Developing an Objective, Repeatable Scoring System for a Vulnerability Equities Process
The public release of the Vulnerability Equities Process (VEP) charter by the White House in late 2017 went a long way toward satisfying the public’s curiosity about the secretive, high-profile and contentious process by which the U.S. government decides whether to temporarily withhold or publicly disclose zero-day software vulnerabilities—that is, vulnerabilities for which no patches exist. Just recently, the U.K. government publicly released information about its Equities Process as well.

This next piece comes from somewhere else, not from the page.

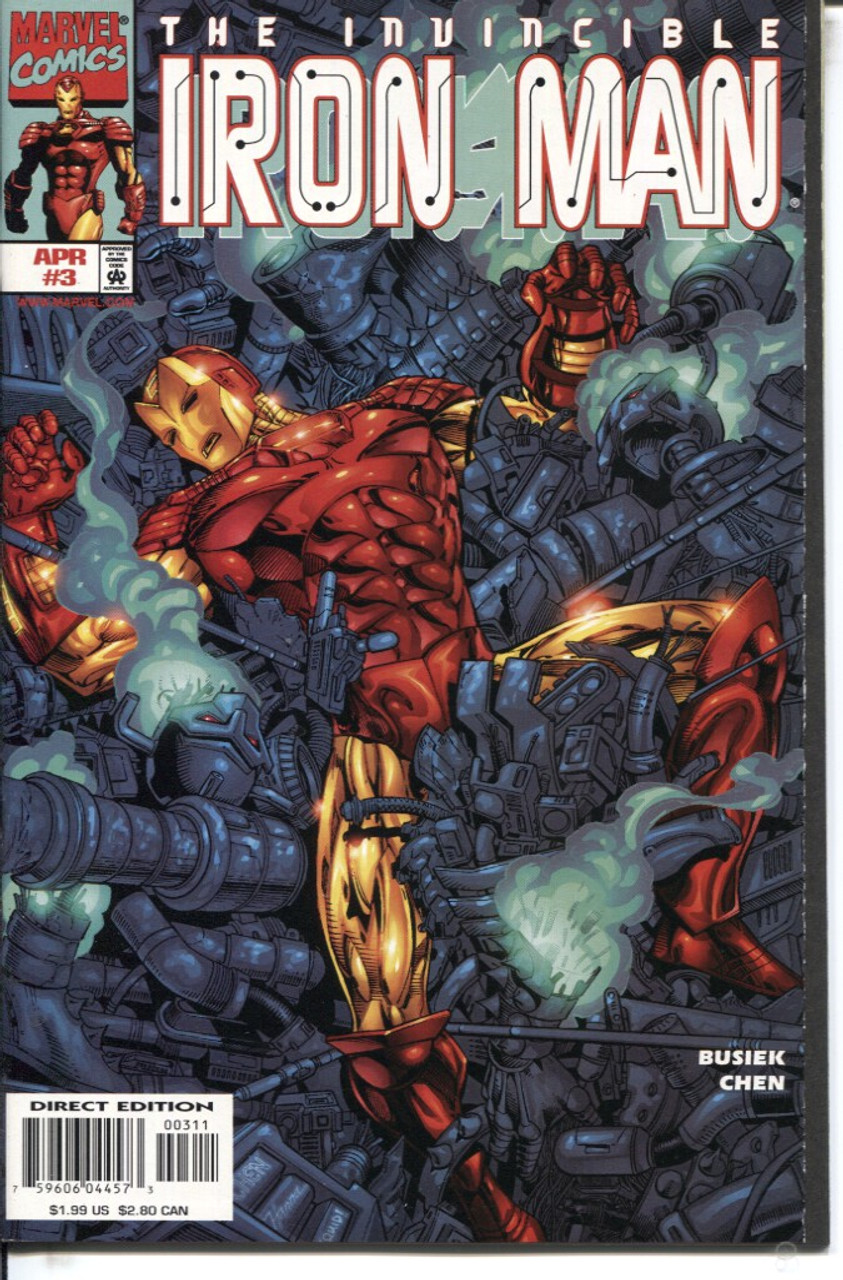 Iron Man (1998 Series) #3 #348 NM- 9.2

The U.S. and U.K. charters are similar in the overall structure of the process and the list of criteria they use for determining whether to disclose or retain a vulnerability. In effect, they are comparing and balancing offensive equities with defensive equities. Offensive equities are those that benefit the intelligence community when a vulnerability is temporarily withheld and used for intelligence collection, while defensive equities refers to the benefits individuals and businesses experience from knowing about vulnerabilities and being able to protect their private computers.
The U.S. charter further states that to “the extent possible and practical, determinations to disclose or restrict will be based on repeatable techniques or methodologies that enable benefits and risks to be objectively evaluated by VEP participants.” This raises a question: If the U.S., the U.K. or any other government sought to create an objective framework for decision making, what might that look like? In particular, what questions should be included, how should they influence the outcome and how can one interpret the results?
Below, I describe a process that an organization could use for developing an objective scoring system. This process is based in part on my experience developing a quantitative vulnerability scoring system. Specifically, I’ll sketch a framework that would produce two scores, one reflecting defensive equities and one reflecting offensive equities.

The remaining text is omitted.